Assignment:
Would you print out all of the data exactly and keep the pictures out of it?

Information:
□ □ □ □ □ □ □

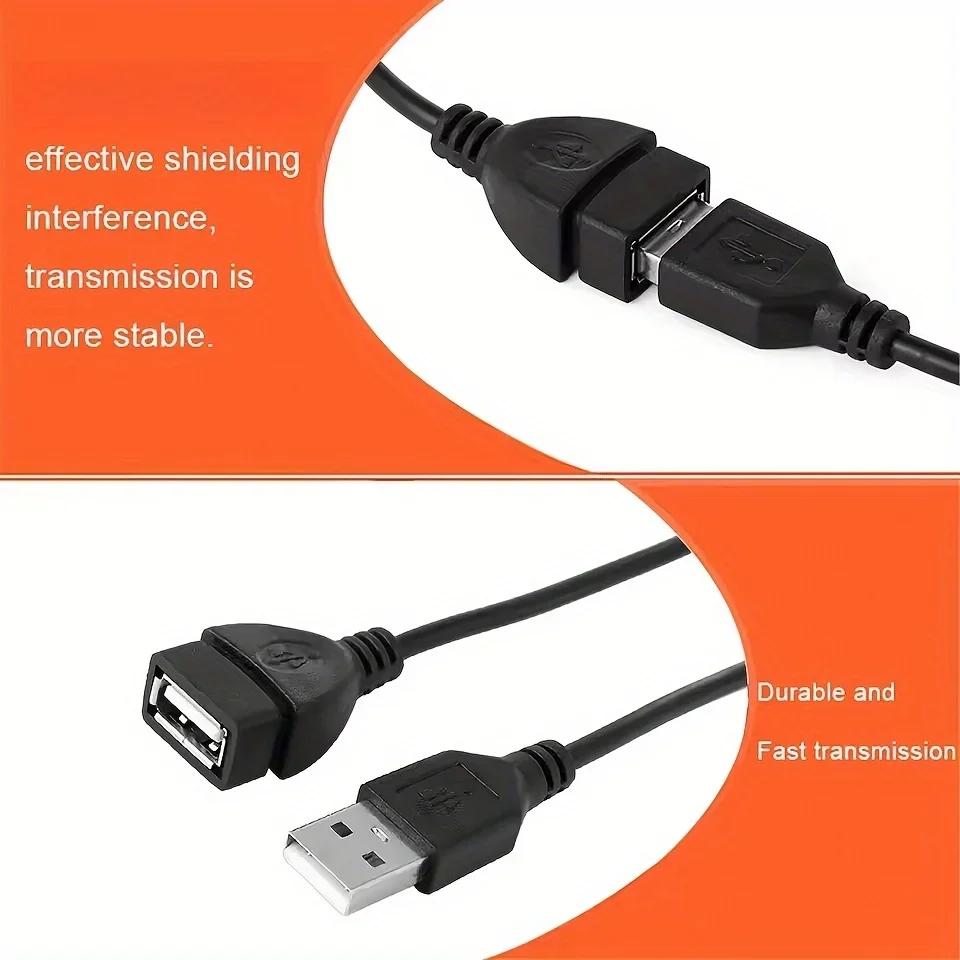0,9 м USB 2.0 A Папа на A Маму Кабель-удлинитель для синхронизации данных Черный Зарядное устройство Кабель-удлинитель USB A для ПК Ноутбука Клавиатуры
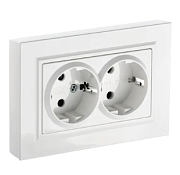 Розетка 2-ая с/з бел. BRITE СП, 16А (РС12-3-БрБ) (в сборе) ИЭК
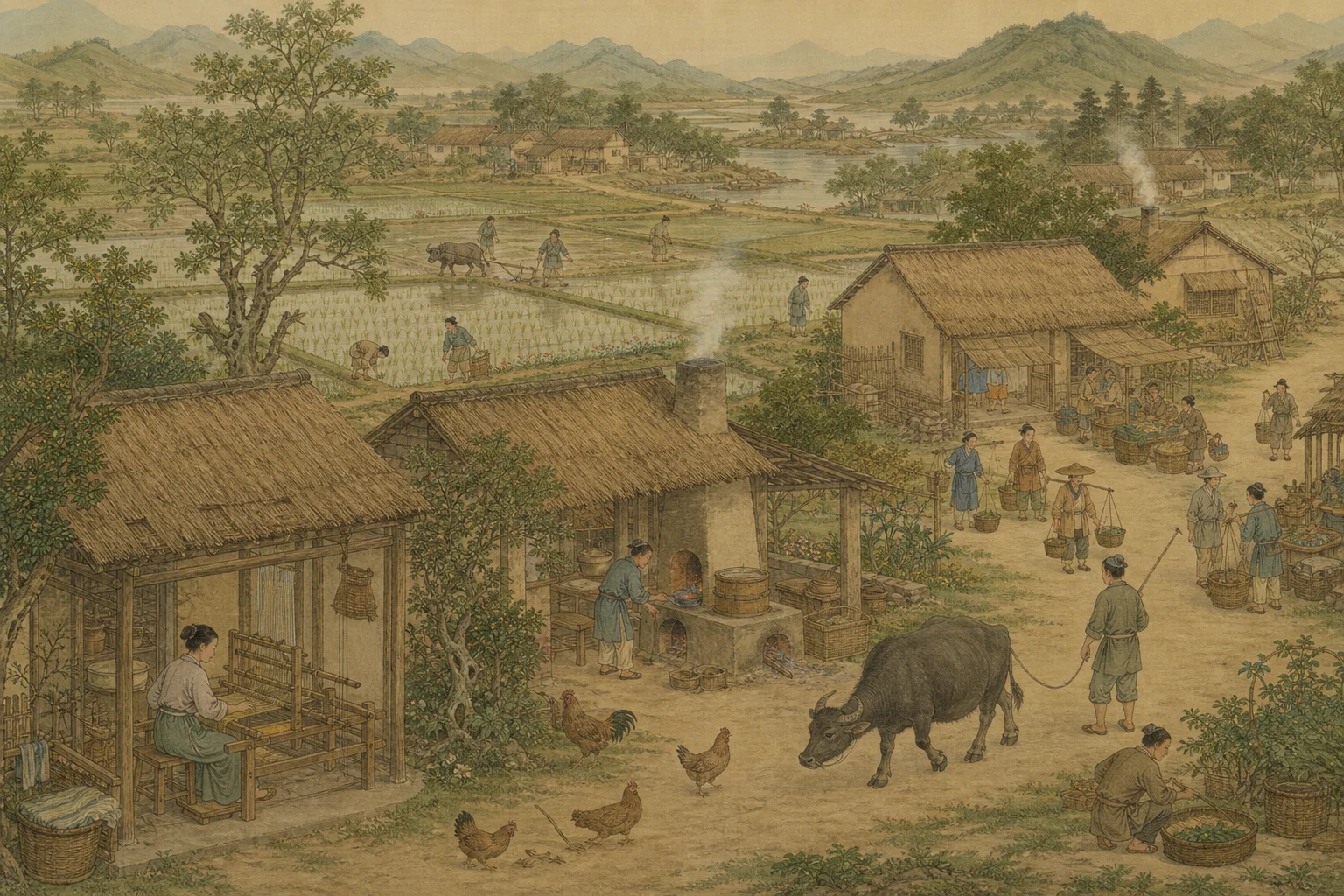 Peaceful ancient Chinese village — smoke from kitchen stoves, fields, and a small market lane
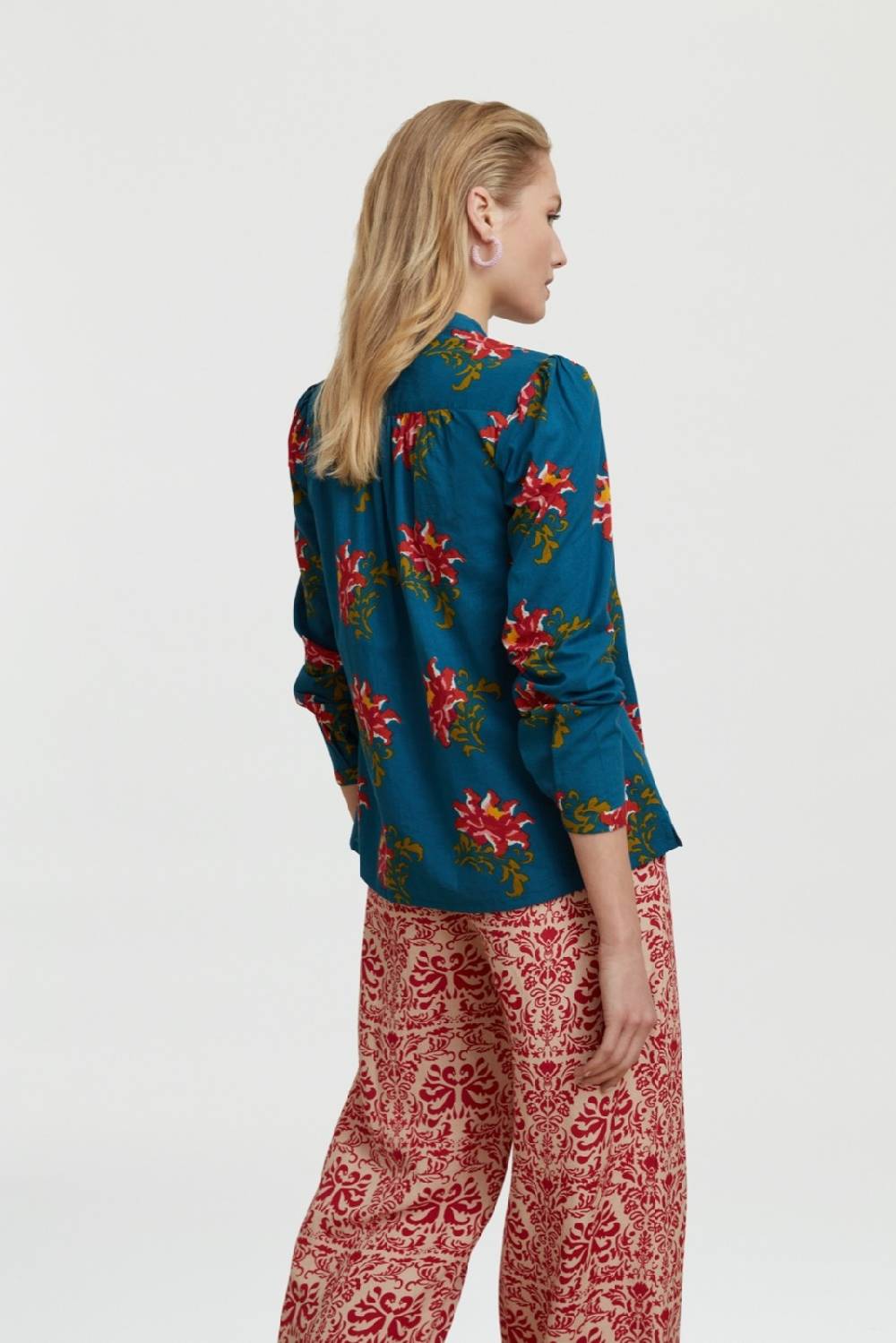 Lisa Corti camicia batumi tangeri rose teal Smaltimento dello stoccaggio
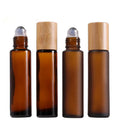 In Stock 15ml Amber/clear Glass Roll on Bottle With Bamboo Lid and Steel Roller for Perfume MegaBDM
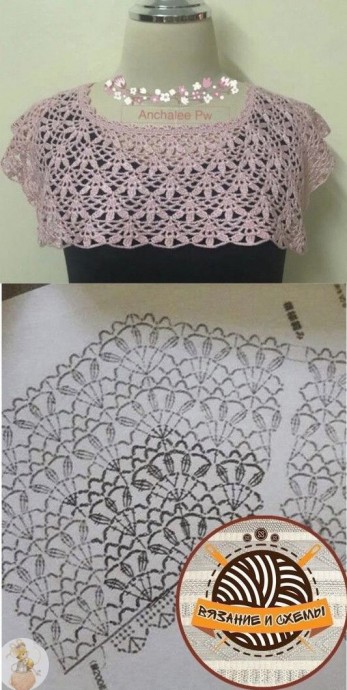Красивые угловые повороты в ажурном вязании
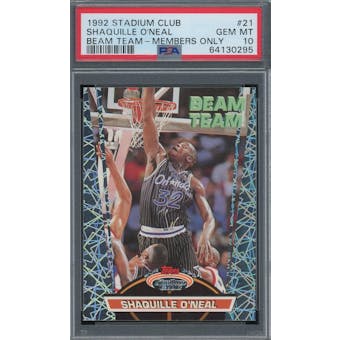 1992/93 Stadium Club Beam Team Members Only #21 Shaquille O'Neal PSA 10 *0295 (Reed Buy)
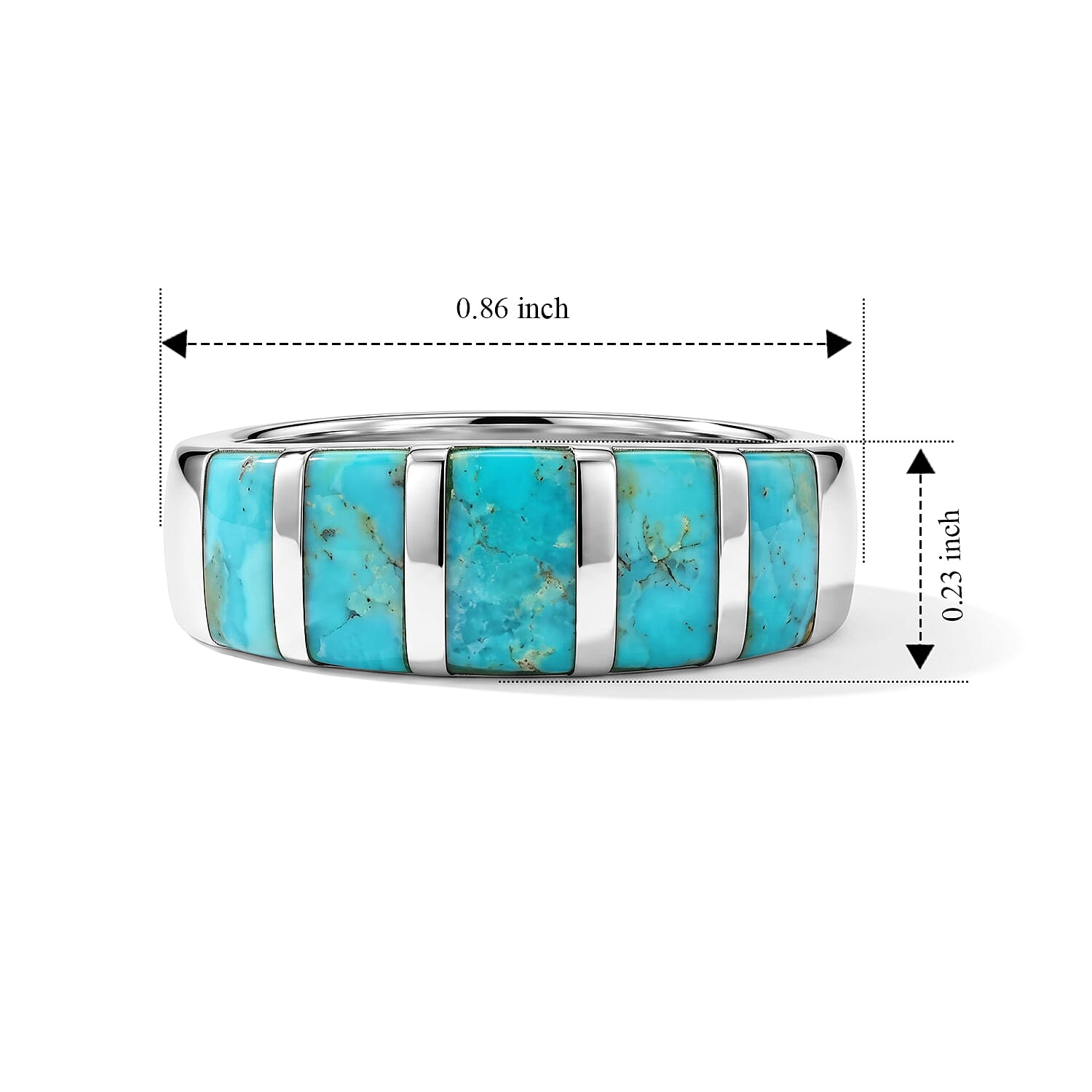 Santa Fe Style Kingman Turquoise 1.25 ctw Band Ring in Sterling Silver (Size 10.0)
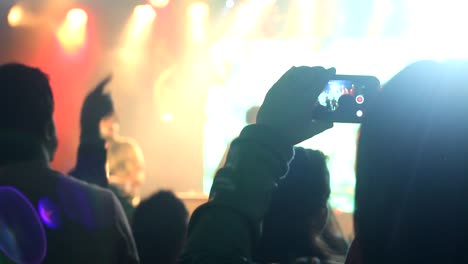 Close-up-shot-showing-silhouette-of-party-people-celebrating-in-night-club-in-front-of-stage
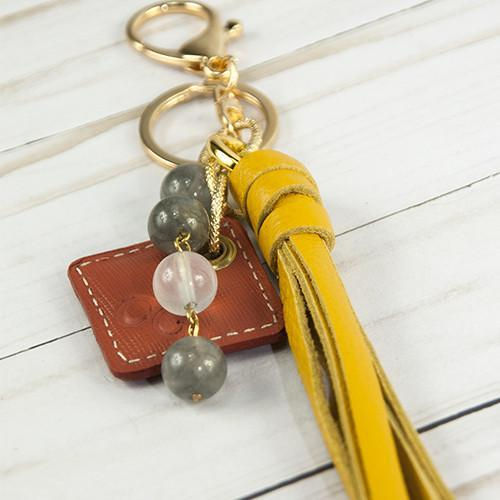 Thumbnail: Lucca Leather Bag Charm- Yellow
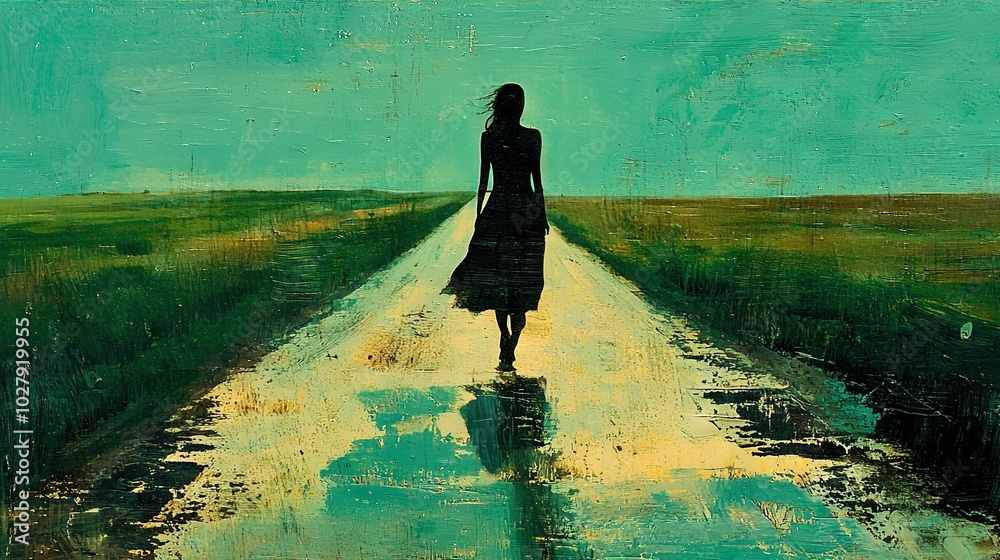 Poster   A woman walks on a dirt road amidst a field, surrounded by a lush green sky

□ □ □ □ □ □ □

Written solution:
0,9 м USB 2.0 A Папа на A Маму Кабель-удлинитель для синхронизации данных Черный Зарядное устройство Кабель-удлинитель USB A для ПК Ноутбука Клавиатуры
 Розетка 2-ая с/з бел. BRITE СП, 16А (РС12-3-БрБ) (в сборе) ИЭК
 Peaceful ancient Chinese village — smoke from kitchen stoves, fields, and a small market lane
 Lisa Corti camicia batumi tangeri rose teal Smaltimento dello stoccaggio
 In Stock 15ml Amber/clear Glass Roll on Bottle With Bamboo Lid and Steel Roller for Perfume MegaBDM
Красивые угловые повороты в ажурном вязании
 1992/93 Stadium Club Beam Team Members Only #21 Shaquille O'Neal PSA 10 *0295 (Reed Buy)
 Santa Fe Style Kingman Turquoise 1.25 ctw Band Ring in Sterling Silver (Size 10.0)
 Close-up-shot-showing-silhouette-of-party-people-celebrating-in-night-club-in-front-of-stage
 Thumbnail: Lucca Leather Bag Charm- Yellow
 Poster   A woman walks on a dirt road amidst a field, surrounded by a lush green sky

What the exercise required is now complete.